Here we have collected some of the key ways to make the most of Spring and encourage you to get out and about with your camera

1 Use contrast and light

Shoot your best springtime images

The weather changes quickly during Springtime – so much so that it can feel like there have been all four seasons in a single day! This rapid reversal of conditions can greatly benefit your photography, since it is at these ‘boundaries’ of weather systems that some of the best natural lighting can be found. Shoot just before a rainstorm or just after one, to make the most of directional and focussed light. Arrange your composition so that the illuminated foreground contrasts against dark storm clouds.

2 Make the most of colour

Shoot your best springtime images

 

 

 

 

 

 

 

 

 

 

 

One of the reasons Spring landscapes are so appealing is that they are in stark contrast to the empty, minimalist views found during Winter.
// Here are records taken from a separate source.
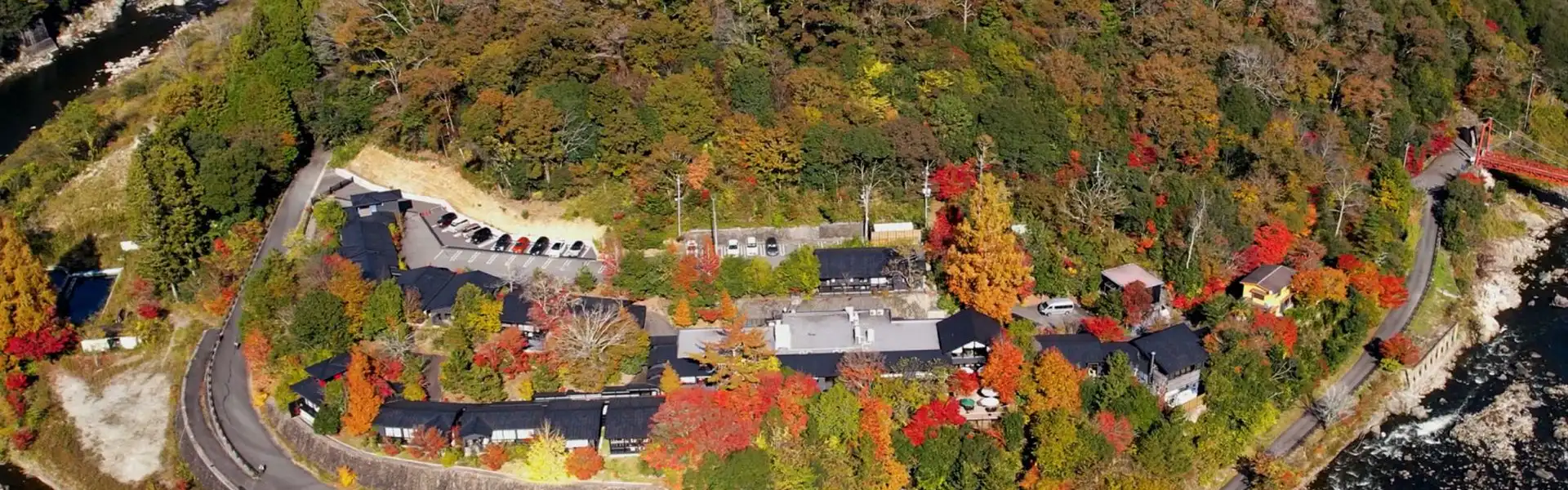 上から見た外観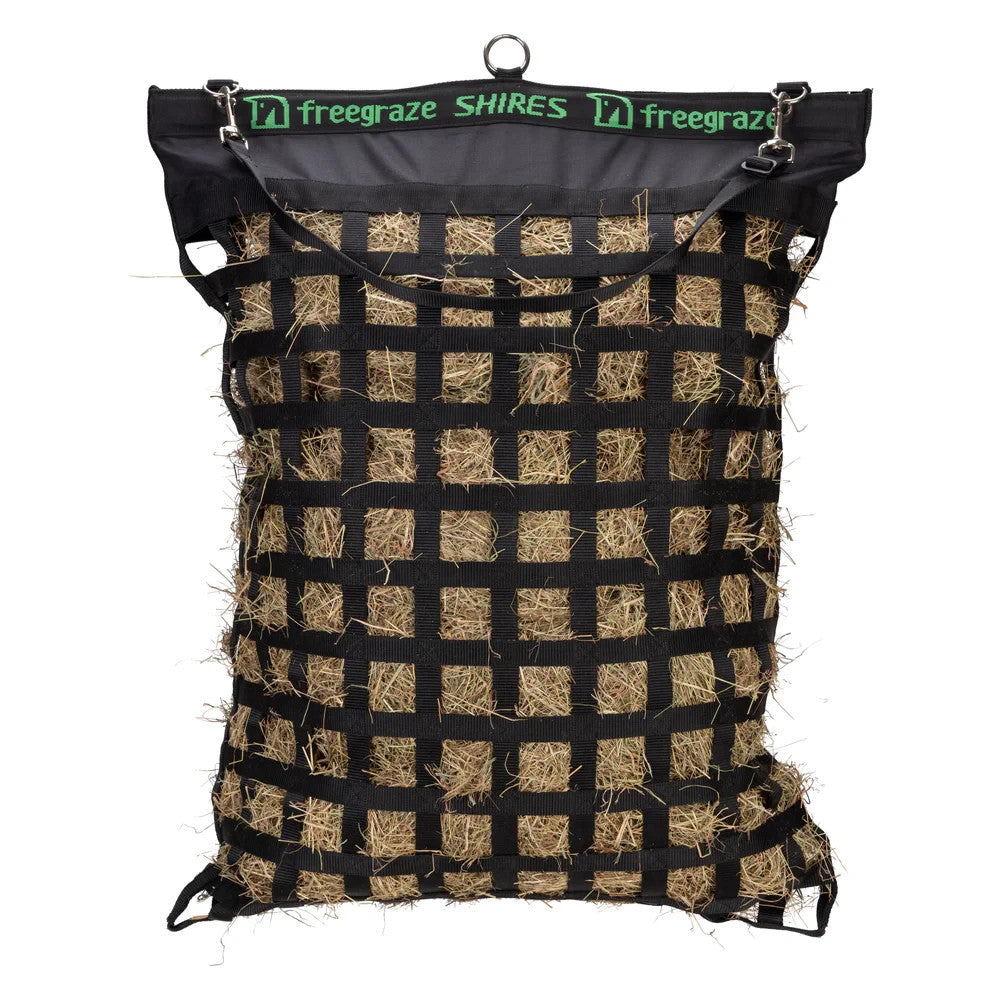 Picture of Shires FreeGraze Deluxe Web Hay Bag, 2 Sizes
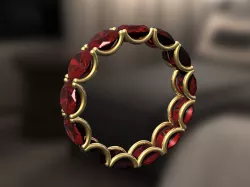 XX Ring 3D print model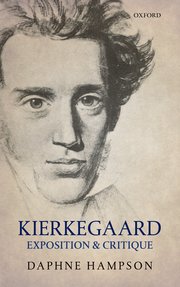 Cover for 

Kierkegaard






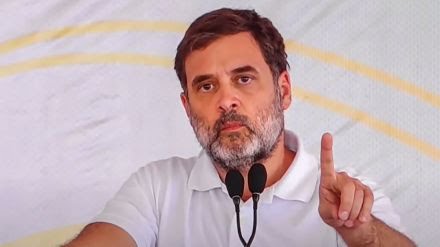 भारत के इतिहास में किसी राज्य को केंद्र शासित नहीं बनाया गया: राहुल गांधी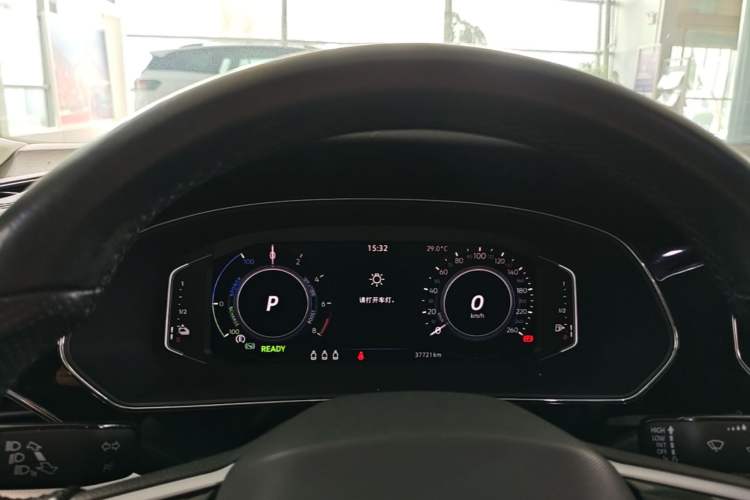 Used Volkswagen Passat New Energy 2022 Revised Version 430 PHEV Hybrid Elite Edition Instrument Cluster
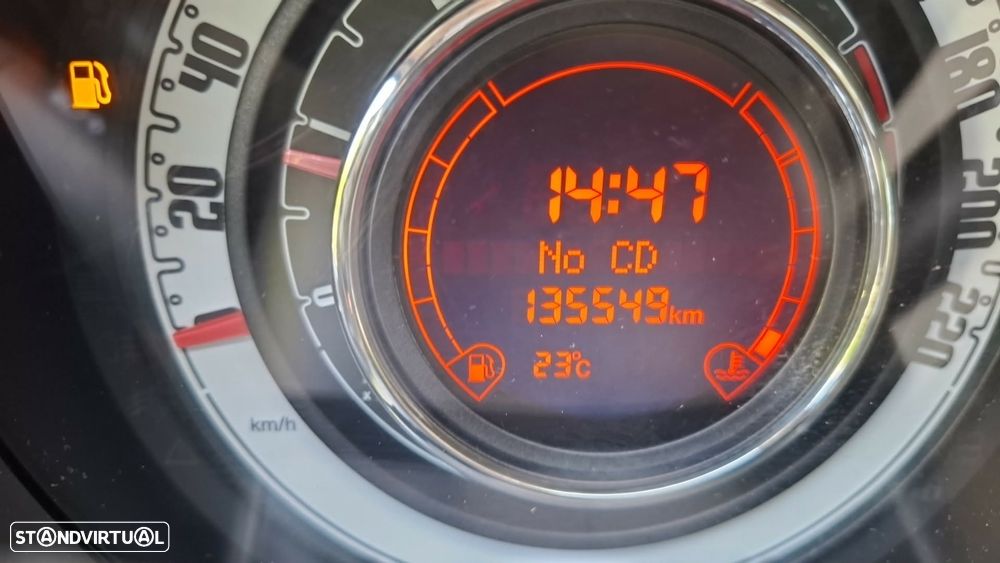 Fiat 500 1.3 16V Multijet Lounge - 10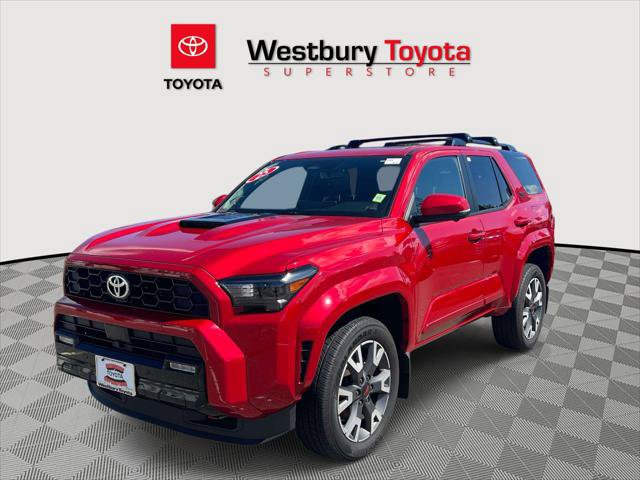 Certified 2025 Toyota 4Runner TRD Sport Premium AWD/4WD image 5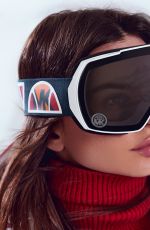 EMILY RATAJKOWSKI for Michael Kors x Ellesse Ski Collection 2022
Make colour a dominant aspect of your Springtime images, looking more closely at colour contrasts in particular. Yellows and blues and green/ red combinations work well, as they are easy on the eye and are found in abundance. Always ensure you have a definable subject however, to provide a place for the viewer’s eye to rest. Green is a very Spring-like colour, so use this to great effect, shooting healthy and fresh-looking images. Be aware that green is a potentially flat colour in isolation, so be sure to include an area of contrast, to break up the frame and add weight.

3 Get up close

Shoot your best springtime images

 

 

 

 

 

 

 

 

 

 

 

New life is a major feature of Spring, so use a longer focal length, or macro lens, to isolate individual flowers and plants. Be mindful of colour once more and arrange your frame so that the background compliments the subject. Try using a wide aperture to blur foreground flowers, rendering them an attractive colourful mist.

4 Make weather a feature

Shoot your best springtime images

 

 

 

 

 

 

 

 

 

 

 

While sweeping landscapes demonstrate the dramatic Spring weather well, they aren’t the only way to make it an asset. Rainstorms are frequent during this season, so rather than staying indoors to escape them, look for small-scale detail shots to creatively illustrate the time of year. Luckily Spring rain tends to be quite intense, with large droplets of water. This makes photographing them easier, while the large splash they produce can look dramatic. Use a macro lens, or an optic of 50mm and above to isolate the rain impacts on a flat and neutrally coloured surface. Use a shutter speed of over 1/500sec to freeze the water movement, or alternatively, employ a flash, angled at 90 degrees to the focal plane, to reduce motion blur and add sparkle to each droplet.

5 Focus on the sky

Shoot your best springtime images

 

 

 

 

 

 

 

 

 

 

 

The sky in a landscape can make or break an image. It is often the area of a photo which draws the attention of the viewer first, or which holds their attention later. Spring skies are some of the most dramatic and energetic of the year (in more ways than one) and due to the widened contrast of stormy light, less effort is often needed to capture a adequately dark sky. Meter from highlights on the ground (unusually there is often a reversal of tones, so that the foreground is brighter than the sky, in Spring) and use exposure compensation to alter brightness of the clouds. Be sure that colours in the sky do not become ‘murky’ – showing up as muddy browns or black, rather than golden or dark blue. If this happens increase the exposure by around 1/2 stop and reshoot. Compose your image so that up to 2/3 of the frame consists of the sky, or go further if your foreground is lacking detail and divide the frame for 3/4 or even 7/8 sky, with minimal foreground.